Landers: Nugent’s beliefs don’t connect with most hunters

Don’t dismiss Ted Nugent for being a windbag. The rock-star hunter is enviable to some degree because he’s so good at it.

Like People for the Ethical Treatment of Animals, The Nuge is a marketing genius with whom sportsmen must reckon.

The 63-year-old musician can drum up a few million ears to his often controversial opinions on guns or hunting as effectively as the Humane Society of the United States can milk money from little old ladies.

Sportsmen can’t ignore HSUS – or Ted Nugent.

During his ear-punishing concert in Spokane last Thursday, Nugent said his “Spirit of the Wild” TV hunting program is the No. 1 show on the Outdoor Channel.

He told me in a preconcert interview that he reached a potential audience of a billion people in one week when he was interviewed by the BBC, CNN’s Larry King, radio shock jock Howard Stern and a dozen national talk shows plus numerous publications.

He also told his fans the instrumental interlude he played last week after “Cat Scratch Fever” was “the greatest guitar lick in the history of the world.”

It’s all debatable.

But millions of people listen to what The Nuge says about hunting and game management, and some of them believe it.

That’s why I’m devoting a little more space to his passage through the Inland Northwest.

The Nuge – and too many others – are masters at dividing sportsmen in an age when it’s never been more important that they should come together to challenge development and preserve habitat.

“What is your common ground with all hunters, and on what main issues are you content to be divisive?” I asked him.

“First of all, if you’re divisive with me, you’re wrong,” he answered. “I’ve never missed a hunting season in 62 years. …

“If somebody tells me I can’t have a scope on my muzzleloader, he’s an idiot. …

“The divisiveness comes from an ignorance, a pettiness and a mean spiritedness.”

Nugent probably knows that anyone can mount a scope on a muzzleloader and hunt in a Washington modern rifle season, but that gun would not be allowed in the “primitive weapons” season.

He’s not divisive; regulations are, Nugent contends.

“So the government needs to stay out of everything” he said. “Let we the people decide.”

His no-compromise mantra whips his right-wing base into a rousing round of “Oh yeah!” and “Right on.”

But he conveniently neglects to mention that most of the rules he condemns were enacted at the request of sportsmen or at least with considerable support after discussion and debate.

“We the people,” is one of the most common phrases Nugent used in the interview I conducted before his Spokane concert.
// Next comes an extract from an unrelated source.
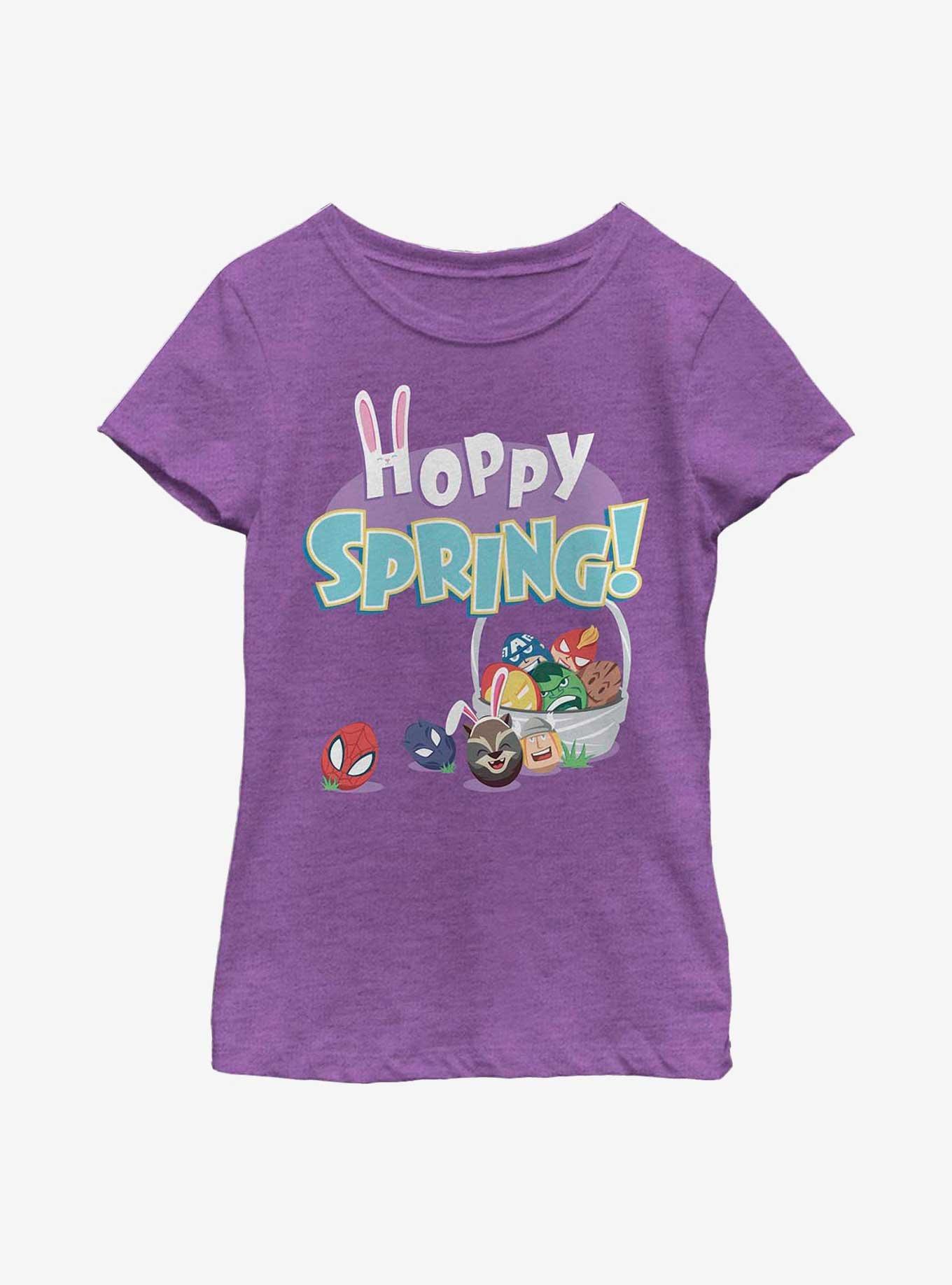 Marvel Avengers Hop Youth Girls T-Shirt, PURPLE BERRY, hi-res
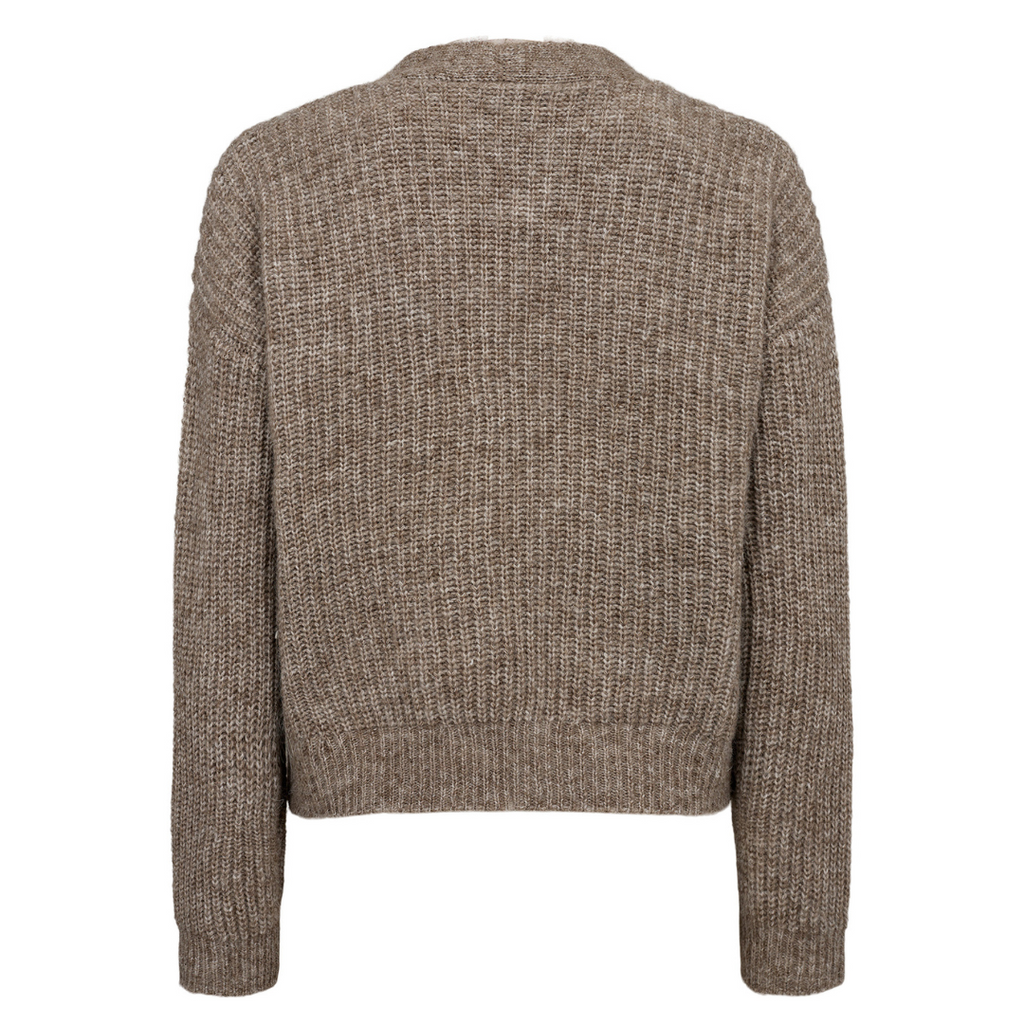 NÜMPH - CARDIGAN - ZINDI 704757 - FOSSIL MELANGE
He’s also used the phrase when he’s shared stage spotlights with Sarah Palin and the president of the NRA.

“I think the most important political office in this country is we the people,” he told me.

But when he says we the people shouldn’t tolerate “more than about nine grizzly bears in Yellowstone Park” or we the people “should kill every coyote on sight” it’s clear that we the people isn’t an inclusive term.

Hunters across the country routinely dump their woes on him regarding overregulation and wildlife officer harassment, he said.

Maybe that’s a product of the hunters he attracts with his love for baiting and whacking and stacking large numbers of critters and slinging lead with semiauto and even automatic weapons.

In my hunting camp, we hoist a toast at the end of the rare day when we get checked by a wildlife enforcement officer. We play by the rules and we wish more officers were in the field making sure other hunters are doing the same.

During the Fred Bear song in his concert, The Nuge is featured in a video skewering about a dozen whitetail bucks with arrows, pumping his arms in victory and screaming with joy after each one.

“I’m an entertainer,” he said, explaining why he should be excused for his hyperbole or for suggesting Obama should suck on the end of a replica assault rifle he’s waved on stage.

That’s a pretty good pillow to fall back on for someone who’s a pro at shooting off his mouth.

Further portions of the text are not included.